Il primo nucleo della Chiesa di Santa Brigida potrebbe risalire a prima del secolo XIII, ma l’edificio attuale è la risultante di una serie di trasformazioni che si sono succedute nell’arco di circa un millennio, caratterizzate da vari ampliamenti e abbellimenti in relazione al suo ruolo di “chiesa matrice” della Valle Averara. L’edificio è stato ricostruito nel ‘400, probabilmente a causa di una frana: la soprelevazione è evidente se si nota la posizione degli affreschi antichi del portico.
Presenta una sola navata, divisa in cinque campate a sesto acuto, sorrette da pilastri in pietra; la copertura è a capanna, sostenuta da travi in legno decorato e da un assito a vista; due balaustre in marmo policromo separano la navata dal presbiterio, la cui volta è decorata da stucchi barocchi.
La chiesa quattrocentesca aveva ingressi più piccoli e in posizioni diverse rispetto all’unico attuale sul lato meridionale, ma era già stata ornata con una ricca decorazione affrescata della quale sopravvivono molte zone.

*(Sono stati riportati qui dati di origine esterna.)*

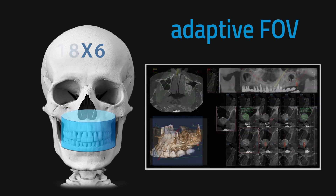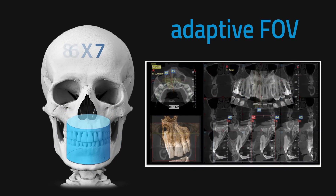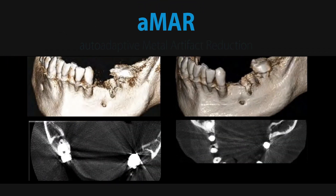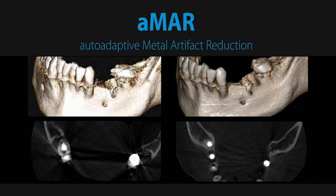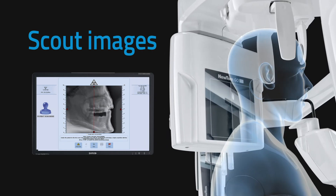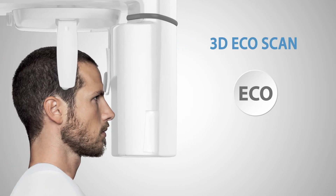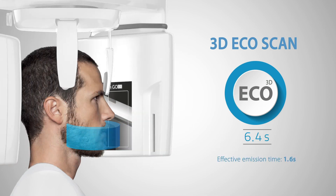NewTom Go generates outstanding volumetric images for each FOV, ranging from 6x6 to 10x10 cm. An intelligent software function automatically reduces interference from metal artifacts to a minimum. Perfect positioning is achieved by acquiring two scout images before the 3D scan. 3D pulsed emission scans lasting 6.4 seconds using CBCT technology reduce emission time to just 1.6 seconds with a 3D EcoScan protocol.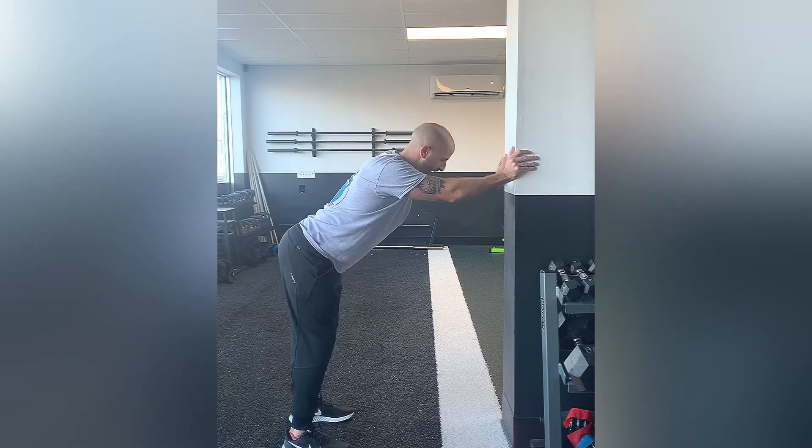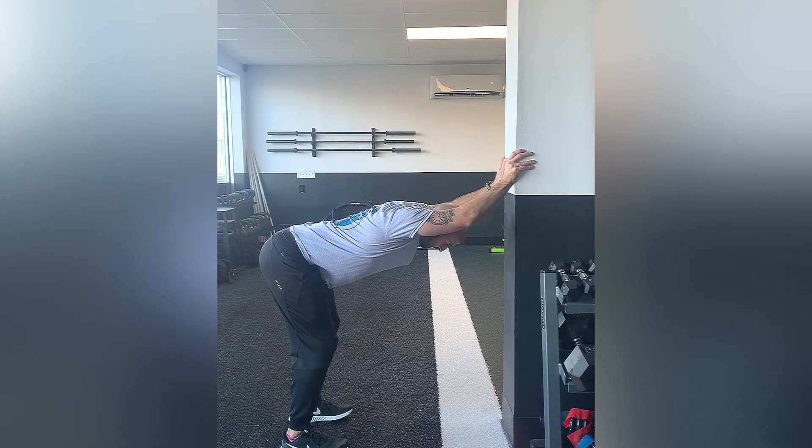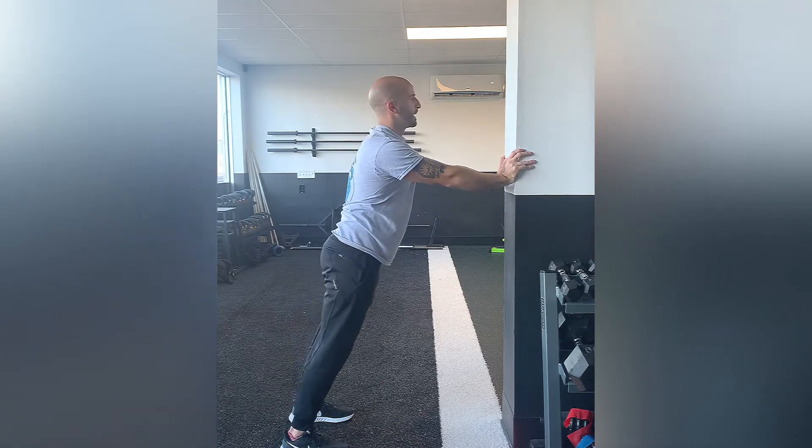So again, push the hips back, slight bend in the knees, and then let that mid back melt into the ground. Hold there for a few seconds, right back up to that starting point — and that is a modified downward dog.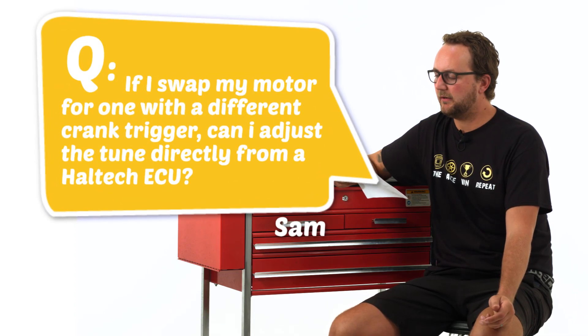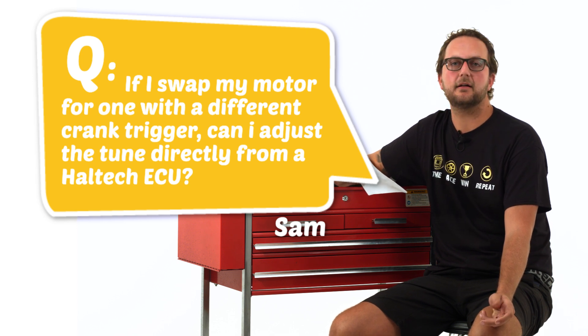Our last question today comes from Sam Muffin: if I swap my motor for one with a different crank trigger, can I adjust the tune directly from a Haltech ECU? Sam, the good news is yes you can. Some other ECU manufacturers will get you to send the unit all the way back to the manufacturer in order to change the trigger type inside the box, then they'll send it back to you. With a Haltech ECU, we simply go online with the unit, go to the trigger setup page in the software, and just select whatever trigger type you've got on your new engine from the list of triggers provided.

Gli interventi di ampliamento architettonico che si sono susseguiti hanno purtroppo danneggiato alcuni affreschi rendendo difficile in alcuni casi anche capire chi sia l’autore delle varie opere, le più antiche da datare intorno al 1470. Altri affreschi sono attribuibili a Battista Baschenis (1483) e a Cristoforo II (1490-1495).
L’edificio conserva varie raffigurazioni di sant’Antonio abate.

PORTICO
La maggior parte delle pitture della loggia aperta, o portico, posto sul lato sud, sono di Pietro Asenelli/Asenelis, la cui firma è tuttora visibile sul primo pilastro, a destra: “PETRUS DE ASENELIS PINTOR FECIT HOC (OPUS) / HOC OPUS FECIT FIERI SALVETUS DE / ASENELIS/ MCCCCX(X)…II – DIE APR(ILIS) – XXI “; la data è stata interpretata come 1442 oppure 1427. A lui si deve anche il grande polittico all’interno della chiesa, che raffigura San Paolo, Santa Margherita, Santa Caterina d’Alessandria, San Giovanni Battista.

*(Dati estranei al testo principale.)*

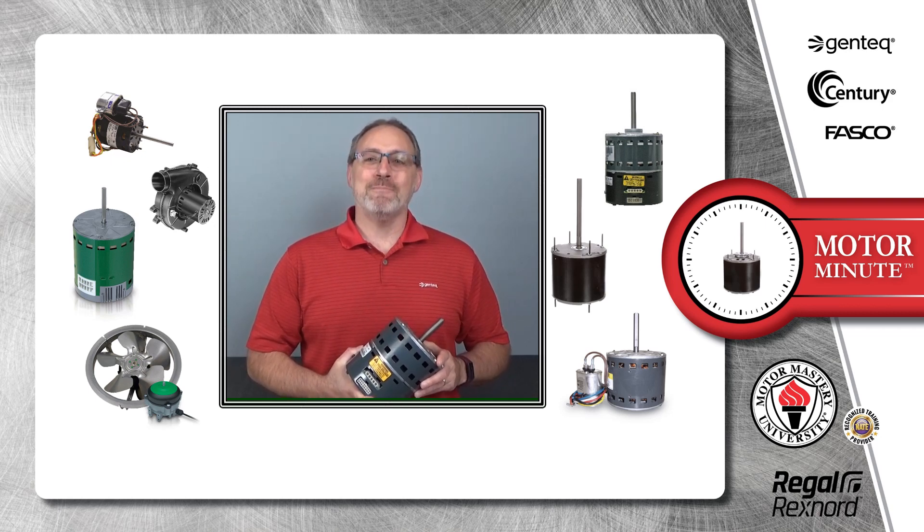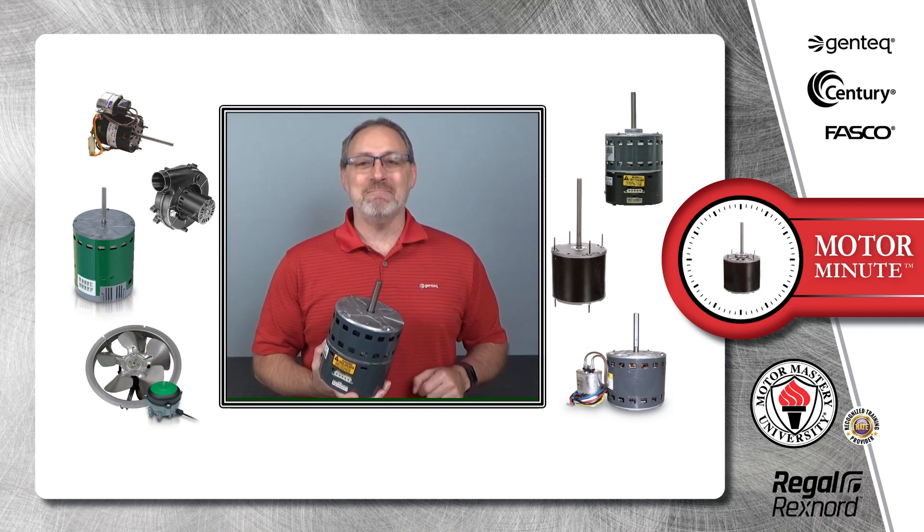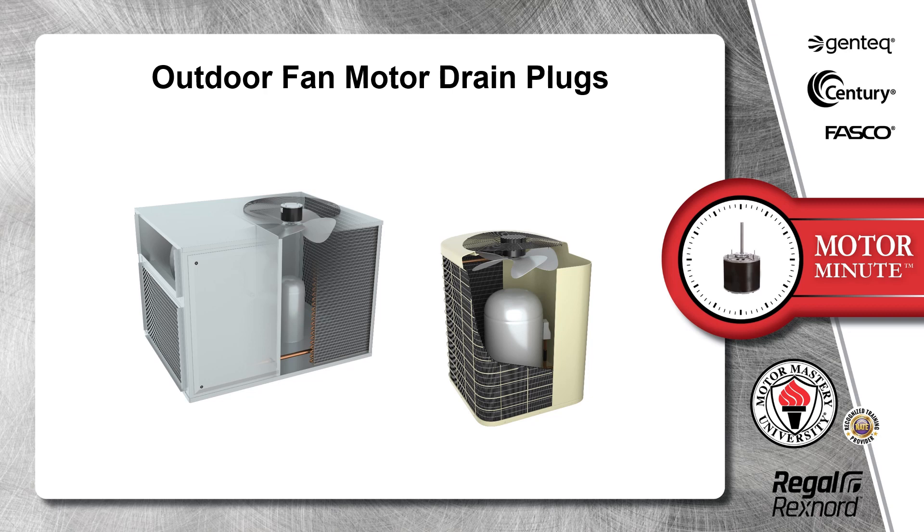Hi, Chris from Regal here with your Motor Minute, helping you become a motor pro one minute at a time. In this segment of Motor Minute, we will discuss outdoor fan motor drain plugs.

1 Affreschi della testata occidentale. Malgrado il cattivo stato di conservazione, questi dipinti evidenziano un buon livello qualitativo, ravvisabile in particolare nell’Annunciazione sovrastante la nicchia a fondo piatto dove è raffigurata la Deposizione nel sepolcro. Alla loro sinistra la grande figura di Sant’Antonio abate e alla destra, dall’alto in basso, un non meglio identificato Santo vescovo e una Madonna in trono col Bambino. Interessante, oltre che sul piano artistico, anche per intrinseci riferimenti storici, la scena dell’Annunciazione, che reca sullo sfondo un edificio identificabile col portico stesso della chiesa. L’esecuzione di tutti i soggetti della testata risale ai primi decenni del Quattrocento.
La bella figura di s. Antonio, con barba bianca biforcata, tiene la mano destra nel gesto di benedizione e la sinistra appoggiata a un bastone a tau.

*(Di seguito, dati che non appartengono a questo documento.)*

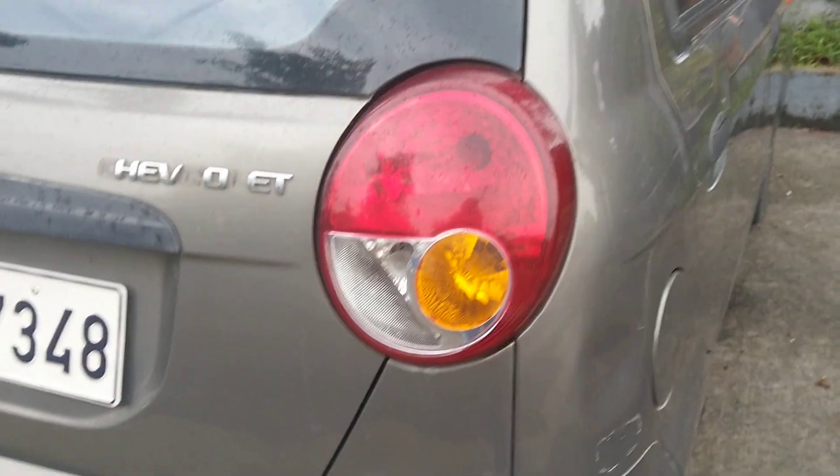This is the taillight reverse, taillight turning stock, turning reverse.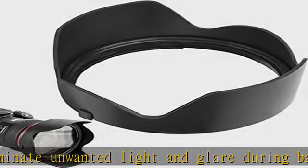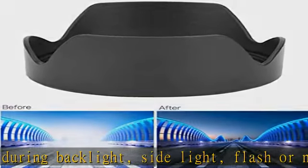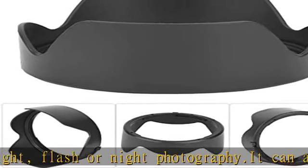Easy installation, can be firmly mounted on the lens. Suitable for Canon F24-70mm 24-7282mm lens. Check the description to get this product today at the best price.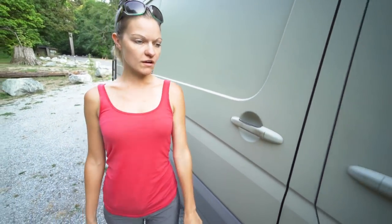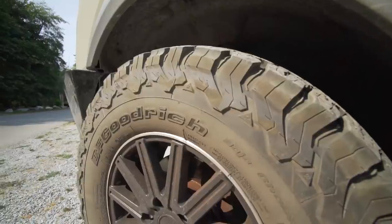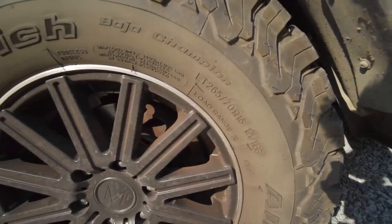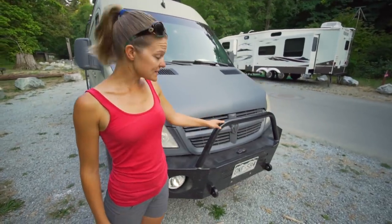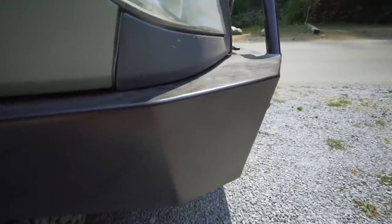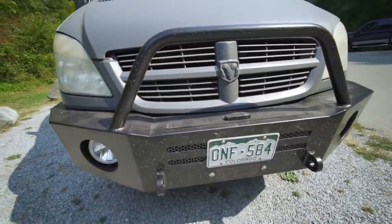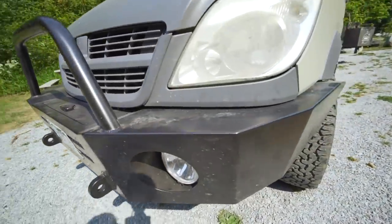Moving on, we had some new wheels and tires put on - BF Goodrich all-terrain tires and 16-inch wheels. The front bumper is made by Illuminesse and is winch-ready. We don't have a winch in it right now, but we'll probably be adding one eventually. It's aluminum, so it's not nearly as heavy as it looks.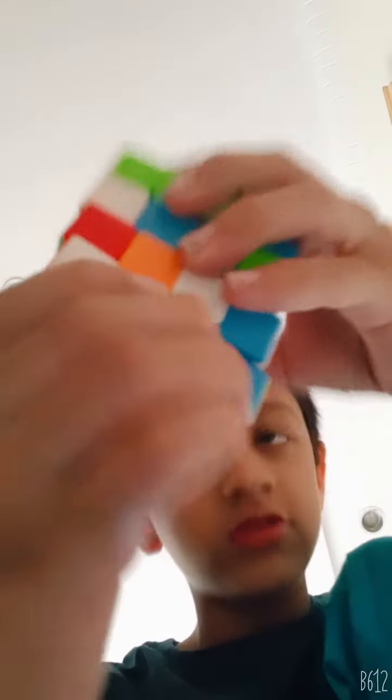To bring this, you have to turn this here, then you have to take the full side and turn it, then you have to turn it back. You have to turn this here and then turn this here, then put this down and again turn this, and again put this.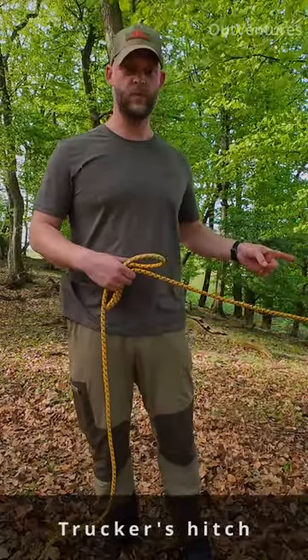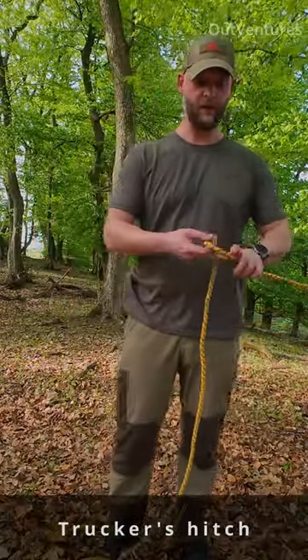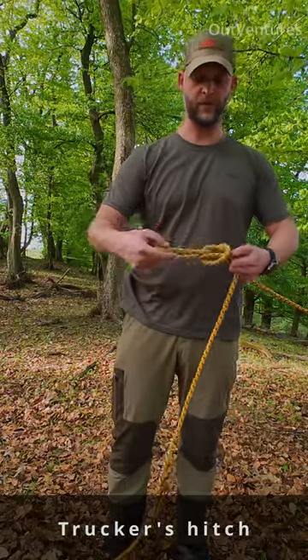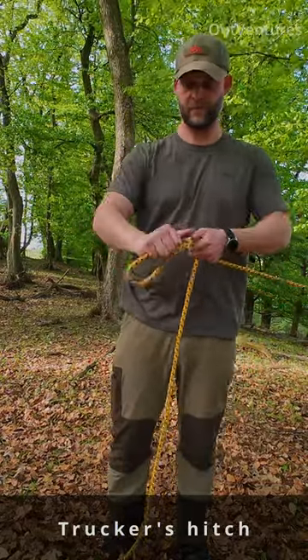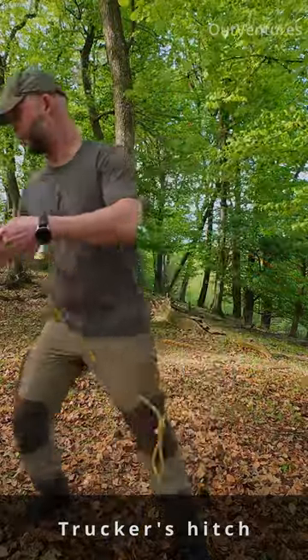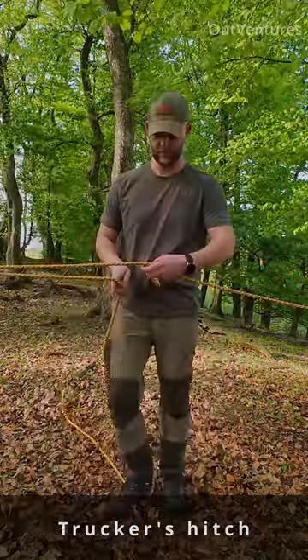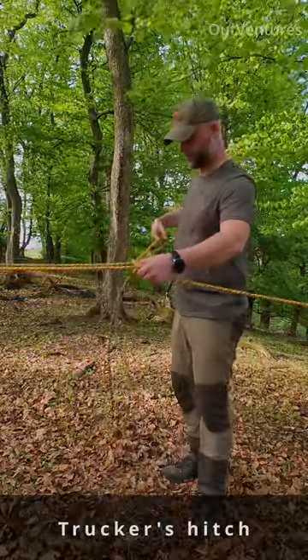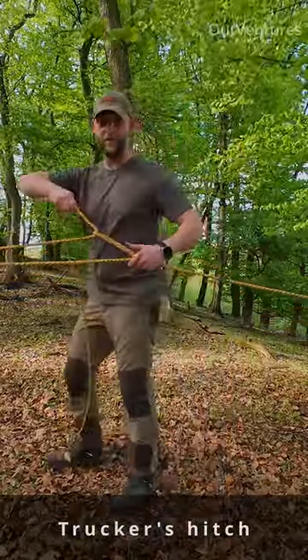I have secured one end with a bowline knot, then I will make a loop, make another one, go through the first loop, now around the tree, through the loop.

Gli affreschi del secondo pilastro presentano un altro Sant’Antonio abate, San Giovanni battista e una terza figura che da qualcuno è stata identificata con  Santa Brigida.  Questi e quello del terzo pilastro (San Girolamo e un altro Santo) sono attribuibili per analogia stilistica all’Asenelli.
Questo S. Antonio, frammentario, è della stessa tipologia del precedente.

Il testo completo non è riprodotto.